A coisa me intrigou e comecei a pensar se sou eu que não sei escolher os negócios que uso, ou é um problema estrutural. Perguntei a algumas pessoas conhecidas e a constatação foi a mesma: os negócios são brancos.

Já tive pedreiros e serventes negros trabalhando em minha casa. Já tive pintor, encanador, eletricista, e alguns deles eram negros. Serviços braçais. Rodei a memória e só me lembro de um professor negro que tive, nos Estados Unidos.

Há algo de errado. Quando morei nos Estados Unidos, tinha por costume ir com a família para as igrejas negras, por causa da música e dos corais. Sempre achei que os Estados Unidos é a nação mais racista do mundo e que o dia mais racista é o domingo de manhã quando as igrejas se reúnem: brancos e negros em igrejas separadas. Fui, certa vez, a convite de um colega de curso, pastor de uma igreja negra, assistir a Cantata da Páscoa.

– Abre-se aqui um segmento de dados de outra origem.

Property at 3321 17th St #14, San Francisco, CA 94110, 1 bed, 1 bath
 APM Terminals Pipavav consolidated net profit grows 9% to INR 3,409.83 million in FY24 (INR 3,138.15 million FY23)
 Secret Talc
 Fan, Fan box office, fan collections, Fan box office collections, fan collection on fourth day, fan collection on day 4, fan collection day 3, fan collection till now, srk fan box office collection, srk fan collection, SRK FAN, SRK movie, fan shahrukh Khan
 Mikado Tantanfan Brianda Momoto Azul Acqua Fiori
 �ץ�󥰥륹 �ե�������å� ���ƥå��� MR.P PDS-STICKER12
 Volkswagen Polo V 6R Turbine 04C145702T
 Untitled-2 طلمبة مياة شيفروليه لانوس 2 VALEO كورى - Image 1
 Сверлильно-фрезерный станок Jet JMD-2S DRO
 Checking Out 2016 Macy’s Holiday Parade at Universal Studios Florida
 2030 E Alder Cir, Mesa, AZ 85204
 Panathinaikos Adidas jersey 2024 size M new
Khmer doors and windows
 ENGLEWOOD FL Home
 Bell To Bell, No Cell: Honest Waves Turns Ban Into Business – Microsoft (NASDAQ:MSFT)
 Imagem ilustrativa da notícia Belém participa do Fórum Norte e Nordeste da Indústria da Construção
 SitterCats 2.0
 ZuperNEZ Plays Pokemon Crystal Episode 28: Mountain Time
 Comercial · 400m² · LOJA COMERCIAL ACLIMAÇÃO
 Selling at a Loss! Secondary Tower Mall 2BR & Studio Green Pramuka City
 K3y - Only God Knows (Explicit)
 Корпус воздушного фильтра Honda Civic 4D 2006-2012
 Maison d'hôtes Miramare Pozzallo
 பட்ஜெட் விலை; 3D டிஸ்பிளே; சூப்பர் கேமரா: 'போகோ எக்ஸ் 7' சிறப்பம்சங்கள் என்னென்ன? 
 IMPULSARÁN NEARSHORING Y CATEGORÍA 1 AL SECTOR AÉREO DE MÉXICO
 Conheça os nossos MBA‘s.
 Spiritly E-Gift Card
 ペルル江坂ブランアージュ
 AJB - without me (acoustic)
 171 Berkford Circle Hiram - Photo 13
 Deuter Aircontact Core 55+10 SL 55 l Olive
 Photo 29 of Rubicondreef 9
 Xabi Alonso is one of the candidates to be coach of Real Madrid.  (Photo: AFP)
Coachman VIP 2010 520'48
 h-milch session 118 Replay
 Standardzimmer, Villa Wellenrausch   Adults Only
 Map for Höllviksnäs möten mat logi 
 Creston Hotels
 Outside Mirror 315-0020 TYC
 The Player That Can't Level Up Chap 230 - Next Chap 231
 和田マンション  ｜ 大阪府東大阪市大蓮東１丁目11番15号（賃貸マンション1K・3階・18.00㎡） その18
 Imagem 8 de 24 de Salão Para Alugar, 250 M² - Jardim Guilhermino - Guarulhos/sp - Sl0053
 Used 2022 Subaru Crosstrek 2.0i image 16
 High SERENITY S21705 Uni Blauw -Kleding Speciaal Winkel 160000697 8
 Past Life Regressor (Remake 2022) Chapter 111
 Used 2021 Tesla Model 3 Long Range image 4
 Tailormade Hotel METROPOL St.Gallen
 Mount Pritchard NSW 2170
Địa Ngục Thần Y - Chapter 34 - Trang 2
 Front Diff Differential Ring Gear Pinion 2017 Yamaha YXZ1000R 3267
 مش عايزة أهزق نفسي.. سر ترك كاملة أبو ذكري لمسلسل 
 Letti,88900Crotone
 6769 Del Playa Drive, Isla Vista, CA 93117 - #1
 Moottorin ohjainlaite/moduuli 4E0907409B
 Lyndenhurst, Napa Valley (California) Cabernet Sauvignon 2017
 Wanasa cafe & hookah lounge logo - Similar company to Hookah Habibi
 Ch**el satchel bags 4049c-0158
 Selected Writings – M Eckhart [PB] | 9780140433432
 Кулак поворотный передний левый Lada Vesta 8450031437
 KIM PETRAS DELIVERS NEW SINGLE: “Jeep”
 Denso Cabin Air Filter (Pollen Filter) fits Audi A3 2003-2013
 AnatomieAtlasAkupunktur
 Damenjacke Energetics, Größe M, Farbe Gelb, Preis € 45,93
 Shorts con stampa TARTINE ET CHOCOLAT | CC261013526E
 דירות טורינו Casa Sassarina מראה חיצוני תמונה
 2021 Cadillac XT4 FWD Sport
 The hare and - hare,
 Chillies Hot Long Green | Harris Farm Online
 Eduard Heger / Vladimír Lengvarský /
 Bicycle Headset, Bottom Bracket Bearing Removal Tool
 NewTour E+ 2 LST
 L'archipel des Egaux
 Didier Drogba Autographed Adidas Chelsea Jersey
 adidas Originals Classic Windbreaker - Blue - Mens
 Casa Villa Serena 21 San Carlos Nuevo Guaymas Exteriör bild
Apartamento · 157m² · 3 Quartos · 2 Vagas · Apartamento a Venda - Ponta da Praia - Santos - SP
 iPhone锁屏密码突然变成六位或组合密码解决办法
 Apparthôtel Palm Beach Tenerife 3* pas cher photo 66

Depois da Cantata ele me convidou para ir ao púlpito com ele e dar uma saudação à igreja. Ele fez questão de dizer que, nos 35 anos daquela igreja, era a primeira vez que um branco subia ao púlpito e falava à igreja!

É verdade que não temos isto no Brasil, mas também é verdade que, nas igrejas protestantes e as chamadas históricas, os negros são raridade. Certa feita fui assistir uma Cantata de Natal em um templo que tinha umas duas mil pessoas. Nenhum negro ou negra no coral e não consegui achar um só no meio dos assistentes. Podia ter, mas não vi. É raridade.

Já escrevi aqui uma coluna “O Shopping é Branco”. Tenho que dizer: os negócios são brancos. As igrejas de classe média são brancas. O acesso ao pastorado nas igrejas protestantes e históricas tem degraus altos para que os negros possam subir. Os negros na Câmara Municipal, Assembleia Legislativa, Câmara e Senado, são poucos (há raríssimas exceções). Os ministros são brancos.

Falta cor nos espaços públicos do Brasil!